Fresh off of their impressive (and season-saving) win over Ole Miss, the Kentucky Wildcats gave the Big Blue Nation hope that they could return to their usual dominant form by March.
But this team is still young and has a lot of growing up left to do. For the Wildcats to continue to win consistently and beat tougher teams down the road, John Calipari must make sure that his squad continues to move past the road blocks they've encountered so far this season...and some of the ones that are still ahead of them.
The following are four lessons that Coach Cal must learn from the struggles that his team has faced this season.
All stats via ESPN.com
John Calipari has often said that he isn't too concerned about how his team shoots free throws (per Steve Weinberg, USA Today), but his team's struggles this season cannot be overlooked.
The Wildcats are a dreadful 64.3 percent from the line, often leaving more than enough points on the floor to have helped bring them close or even reverse the outcome of their six losses.

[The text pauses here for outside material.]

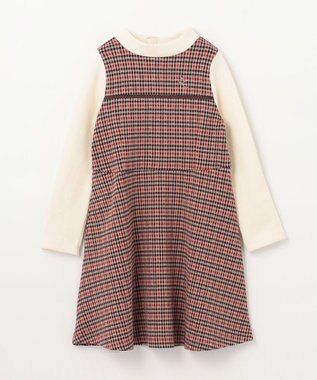 組曲 KIDS 【110-140㎝】チェックジャガード ワンピース ブラウン系3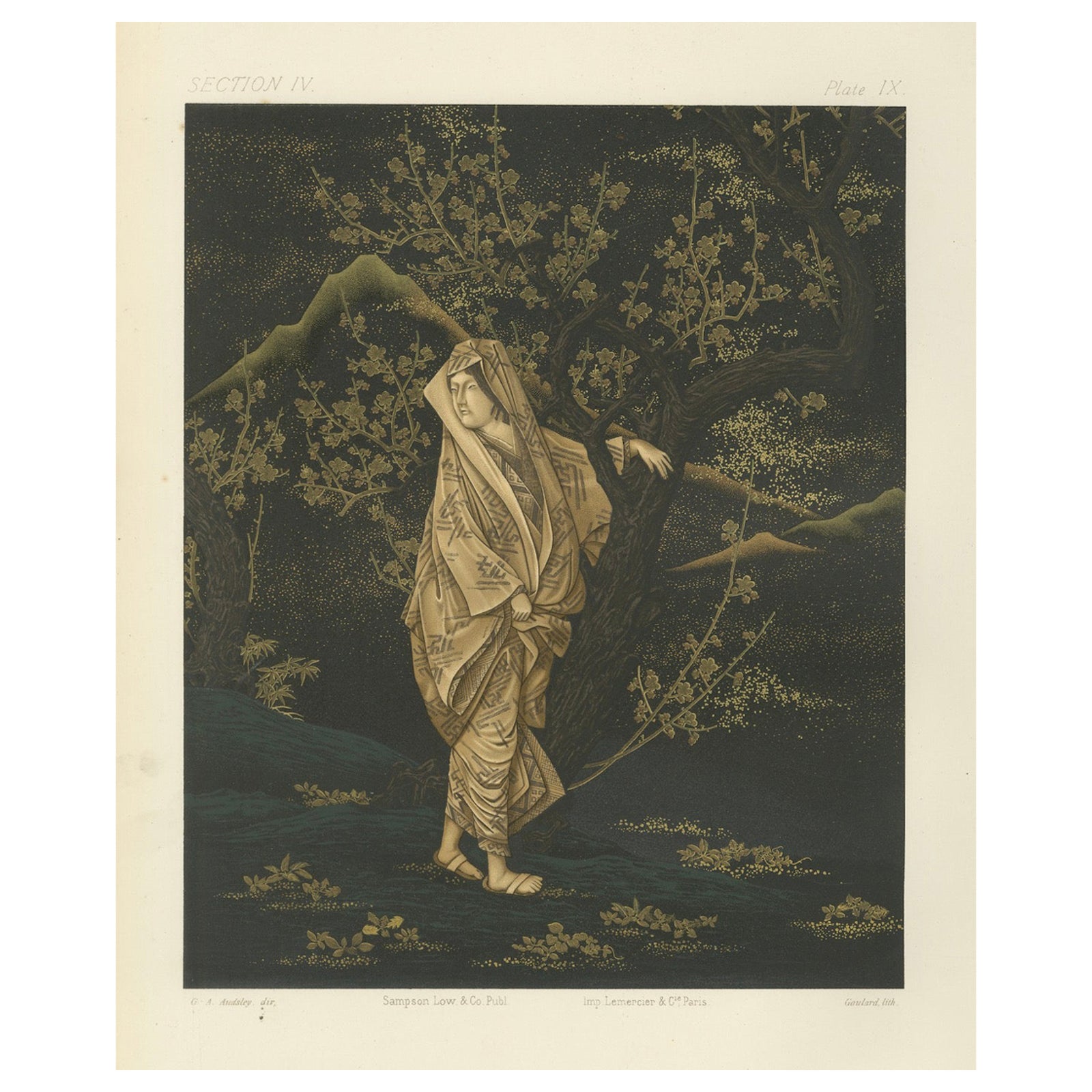 Japanese Woman in Plum Blossom Grove: Antique Lithograph, 1880s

The most glaring example may be in their 80-77 loss against No. 3 Louisville on December 29. Kentucky was 11-of-23 from the charity stripe. Just a few more makes (which still would have left them with a terrible percentage) would have given the Wildcats the win.

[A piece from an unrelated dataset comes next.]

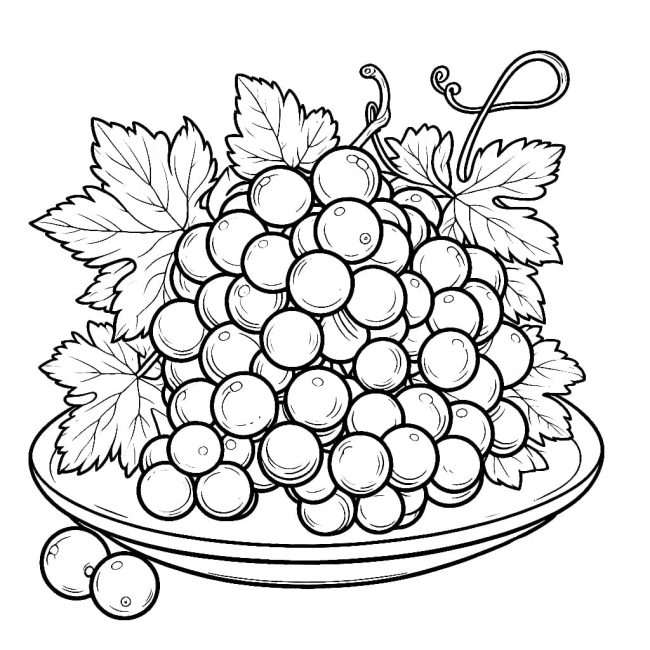 Tô màu Chùm Nho Ngon Trên Đĩa dễ thương cho bé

The Wildcats' size underneath (and Archie Goodwin's propensity to fling himself into the lane) means they will spend more and more time at the line as the conference schedule wears on. Hopefully, Calipari has finally seen the light and is making free-throw shooting a greater priority.

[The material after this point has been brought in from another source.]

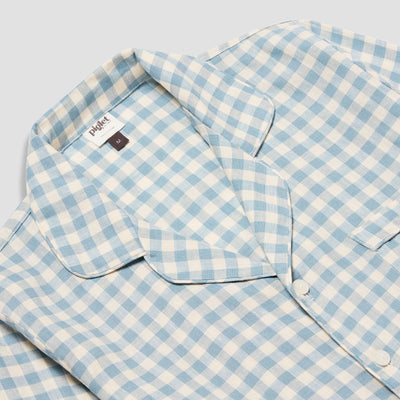 Men's Warm Blue Gingham Linen Pyjama Shirt - alternate image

After his poor performance in Kentucky's 60-58 win over Vanderbilt back on January 11, John Calipari called out Kyle Wiltjer (per Jerry Tipton, Lexington Herald-Leader, via Kentuckysports.com).
He had spent most of last season being that goofy, lovable bench player that uploaded funny videos to YouTube and occasionally made some three-pointers. This year, however, his team needed a lot more from him, which wasn't happening.
But once Calipari lit a fire under him, Wiltjer stepped up, putting in extra hours in the gym, improving his post play and most importantly, improving his defense.
He may only be a sophomore, but Calipari may have just created not only an improved frontcourt player, but also a very good team leader to set an example for this young Wildcat squad.
While I'm not one of those people that thinks Jon Hood is some sort of secret offensive weapon that is being kept on the bench, I do think that the kid's experience and drive to prove himself is an asset that can be utilized more.
When Kentucky got into serious foul trouble during the first half of their game against Ole Miss, Hood was forced into the rotation. He responded with eight solid minutes of play that included crashing the boards, playing good defense and making a very pretty assist.
Hood may not be the answer when the Cats need scoring, but he can definitely come in and help the younger players around him and contribute.
While Calipari has typically relied on the point guard to be the glue for his team, this group of Wildcats is Noel's.
Ryan Harrow has been playing much better as the season has progressed, but is still not very vocal or assertive on either end of the floor. Noel, on the other, has a motor that constantly runs, and he proved with his 12-block performance against Ole Miss that he may be as good or better of a defensive stopper than Anthony Davis.
He also plays incredibly smart basketball and is always getting in his teammates' ears with encouragement and instructions. If the Wildcats are going to make a run in the NCAA tournament, it will be with Noel leading the way.